Assignment:
The entries below should be quoted exactly, with no pictures carried over.

Extracted information:

+ + +

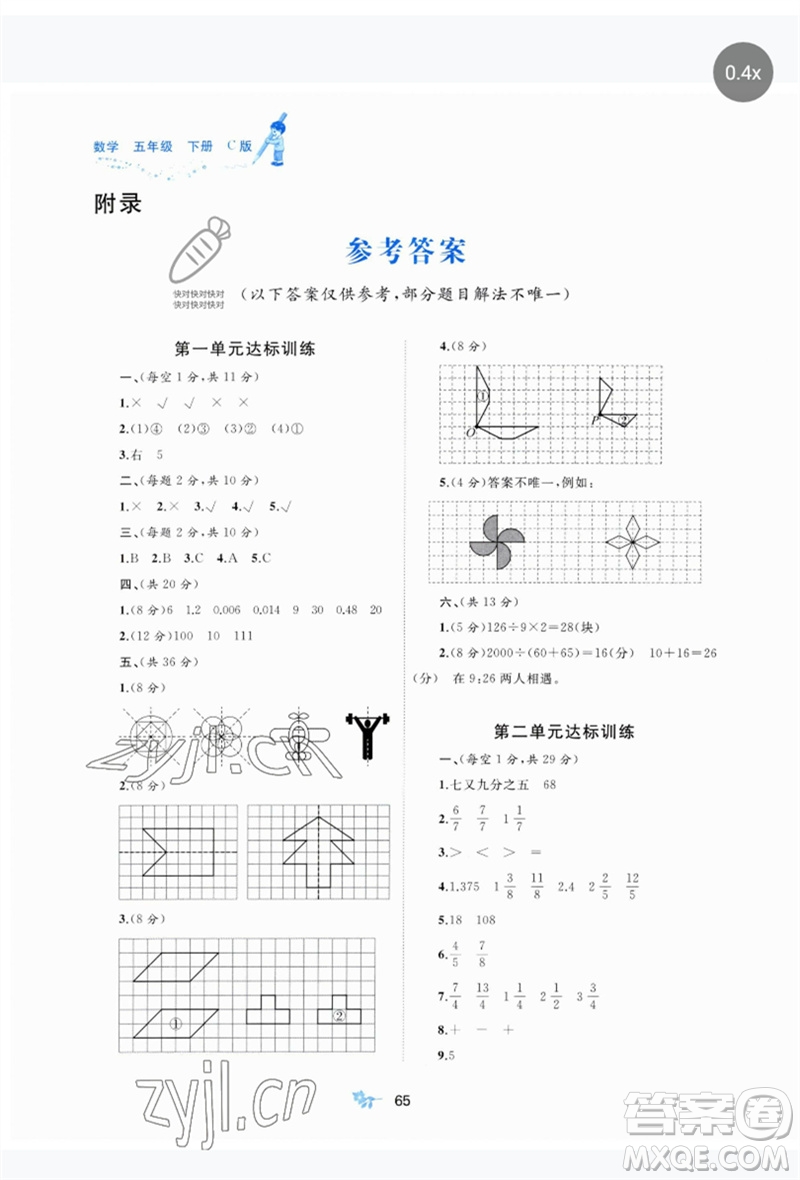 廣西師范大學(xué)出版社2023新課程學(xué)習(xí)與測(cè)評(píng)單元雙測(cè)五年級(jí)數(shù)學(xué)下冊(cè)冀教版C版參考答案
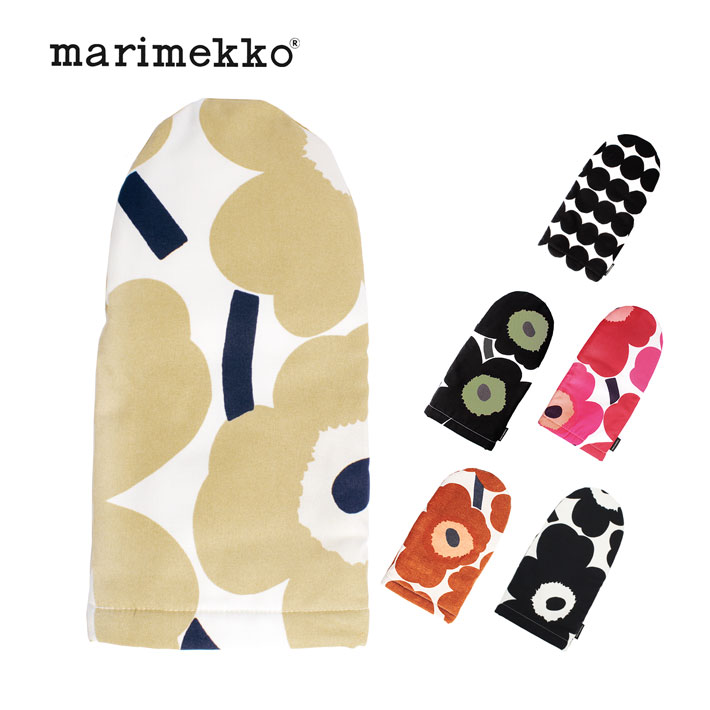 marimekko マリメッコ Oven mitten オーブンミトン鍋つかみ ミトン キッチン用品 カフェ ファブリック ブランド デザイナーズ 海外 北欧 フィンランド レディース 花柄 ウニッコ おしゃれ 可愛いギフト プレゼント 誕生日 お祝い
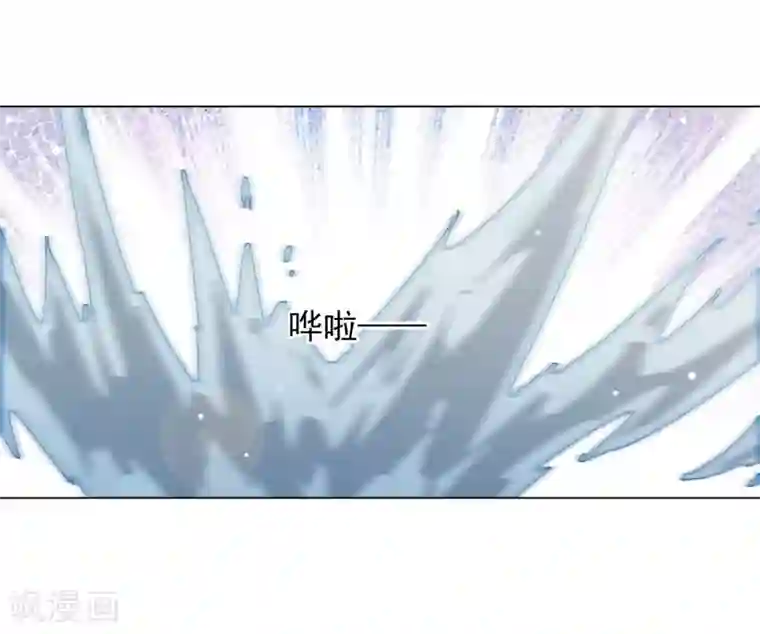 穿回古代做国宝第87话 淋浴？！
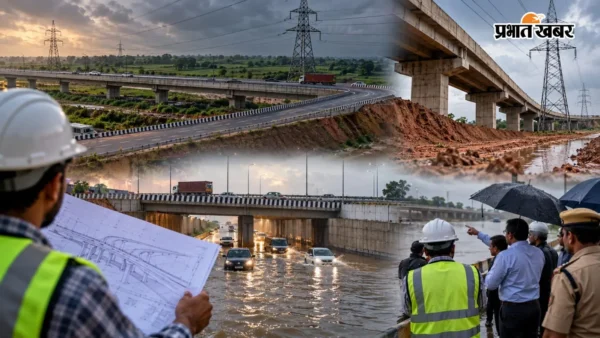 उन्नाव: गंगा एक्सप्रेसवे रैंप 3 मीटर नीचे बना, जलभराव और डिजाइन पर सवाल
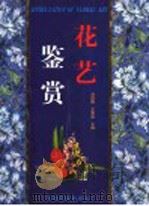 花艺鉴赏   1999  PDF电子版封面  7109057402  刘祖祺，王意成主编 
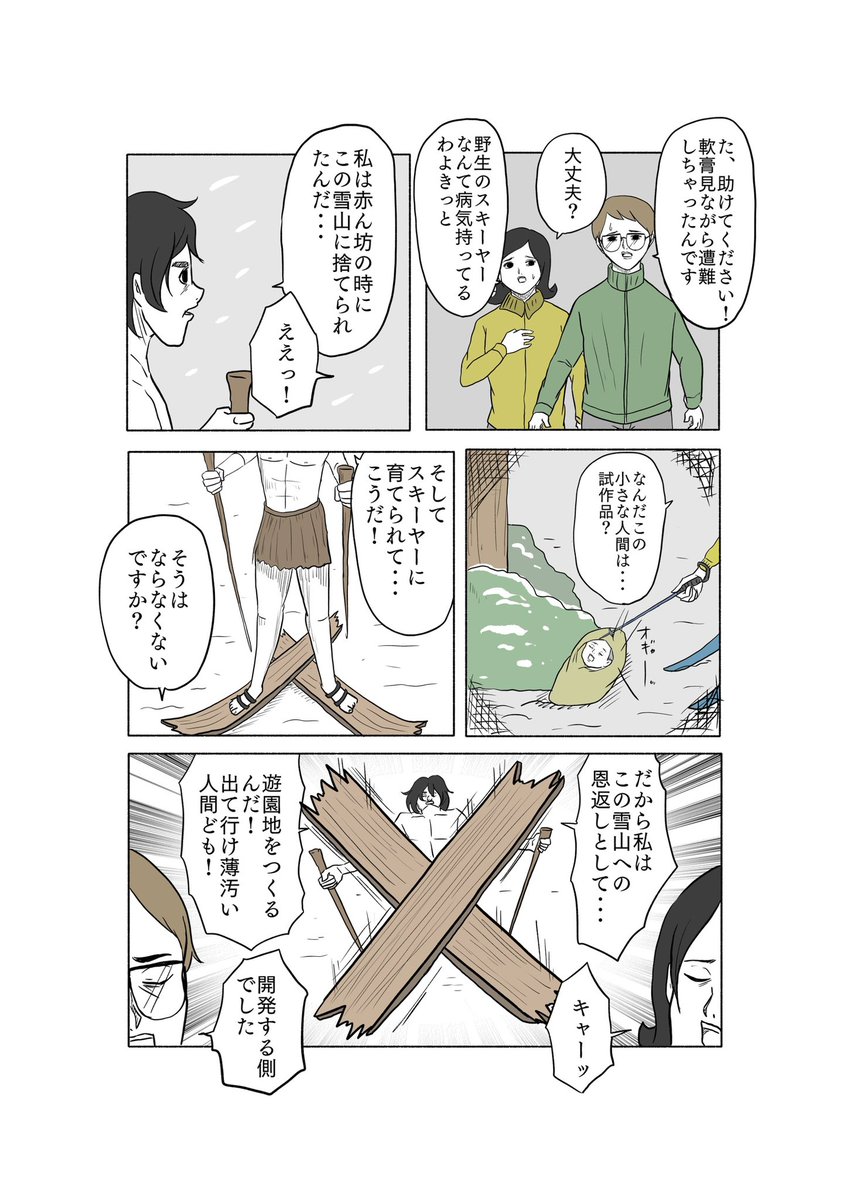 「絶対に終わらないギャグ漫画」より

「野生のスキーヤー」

+ + +

Output of the exercise:
 廣西師范大學(xué)出版社2023新課程學(xué)習(xí)與測(cè)評(píng)單元雙測(cè)五年級(jí)數(shù)學(xué)下冊(cè)冀教版C版參考答案
 marimekko マリメッコ Oven mitten オーブンミトン鍋つかみ ミトン キッチン用品 カフェ ファブリック ブランド デザイナーズ 海外 北欧 フィンランド レディース 花柄 ウニッコ おしゃれ 可愛いギフト プレゼント 誕生日 お祝い
 穿回古代做国宝第87话 淋浴？！
 उन्नाव: गंगा एक्सप्रेसवे रैंप 3 मीटर नीचे बना, जलभराव और डिजाइन पर सवाल
 花艺鉴赏   1999  PDF电子版封面  7109057402  刘祖祺，王意成主编 
 「絶対に終わらないギャグ漫画」より

「野生のスキーヤー」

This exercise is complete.